Matches: "document.pdf", "files/report.pdf"
Does not match: "document.txt"
Use subject filtering for hierarchical event filtering (by resource ID, user ID, or category).
Event Type Filtering
Filter by the event’s eventType field. Multiple event types create an OR relationship.
Event types: ["order.created", "order.cancelled"]
Matches events with either type
Advanced Filters
Advanced filters provide key-value matching on event data properties using operators like StringIn, StringContains, NumberGreaterThan, and BoolEquals.
{
"operatorType": "StringContains",
"key": "data.productType",
"value": "electronics"
}
Use advanced filters to match specific event payload properties (e.g., only process orders over a certain amount, or events from specific regions).
Event Handlers
Event Grid can deliver events to many handler types. The handler determines what action occurs when an event is received.
Handler Types
| Handler | Use Case | Characteristics |
|---|---|---|
| Azure Functions | Serverless event processing | Scales automatically, charged per invocation, sub-second latency |
| Logic Apps | Workflow automation | Visual workflow builder for complex multi-step processes |
| Webhooks (HTTP/HTTPS) | Custom applications, third-party services | Your application defines the HTTP endpoint with authentication support |
| Azure Service Bus | Message buffering for high-throughput scenarios | Queues and topics provide additional buffering that applications poll |
| Azure Event Hubs | High-throughput event ingestion | Designed for streaming large volumes with event replay capability |
| Storage Queues | Simple asynchronous processing | Low cost with applications polling for messages, limited to 64 KB per message |
| Power Automate flows | Low-code/no-code automation | Business process automation without coding |
| Azure Storage Blob | Event archival | Store events for long-term retention and analysis |
Push vs Pull handlers:
- Push handlers (Functions, Logic Apps, Webhooks): Event Grid invokes them immediately
- Pull handlers (Service Bus, Event Hubs, Storage Queues): Event Grid queues messages; applications consume them
Handler Selection
Use Functions when:
- You need lightweight, serverless event processing
- Events arrive at a predictable rate
- You need sub-second response time
Use Service Bus/Event Hubs when:
- Events arrive in bursts and you need buffering to prevent handler overload
- You want application code to control consumption rate (back-pressure)

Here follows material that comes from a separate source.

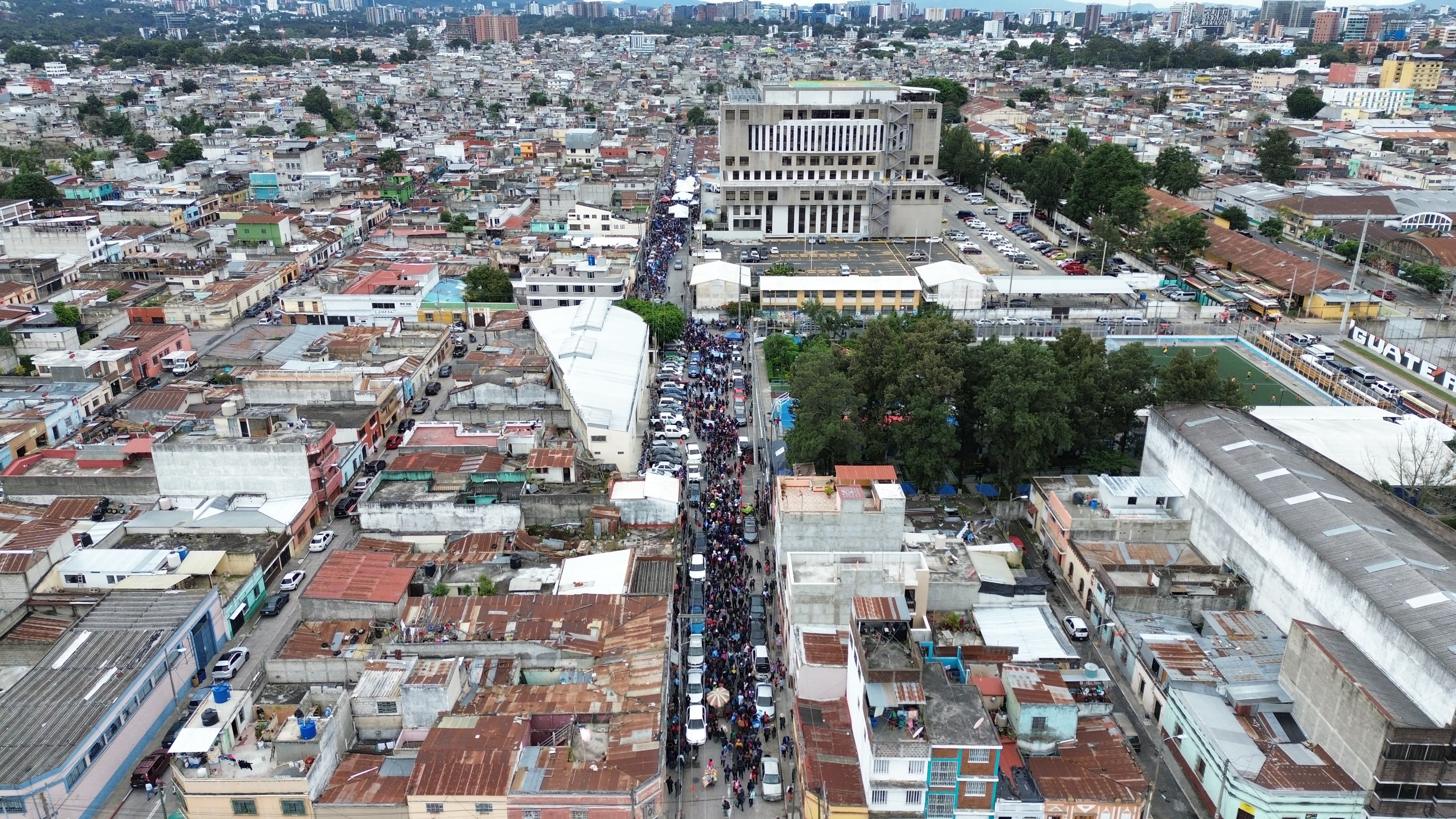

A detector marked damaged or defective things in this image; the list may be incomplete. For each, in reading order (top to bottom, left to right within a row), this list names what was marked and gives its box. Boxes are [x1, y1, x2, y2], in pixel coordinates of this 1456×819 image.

rusty red metal roof [304, 548, 419, 600]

- You need event replay or audit trail
Use Webhooks when:
- Integrating with third-party services or custom applications
- You control the HTTP endpoint
Retry and Dead-Lettering
Event Grid provides durable delivery with configurable retry policies and dead-letter storage for events that cannot be delivered after all retries are exhausted.
Automatic Retries
When a handler returns an error or does not respond, Event Grid automatically retries according to the configured policy.
Default retry behavior:
- Max delivery attempts: 30 (configurable from 1 to 30)
- Retry strategy: Exponential backoff with random jitter
- Max event age: 1440 minutes (24 hours) by default
- First retry: Immediately (with small random delay)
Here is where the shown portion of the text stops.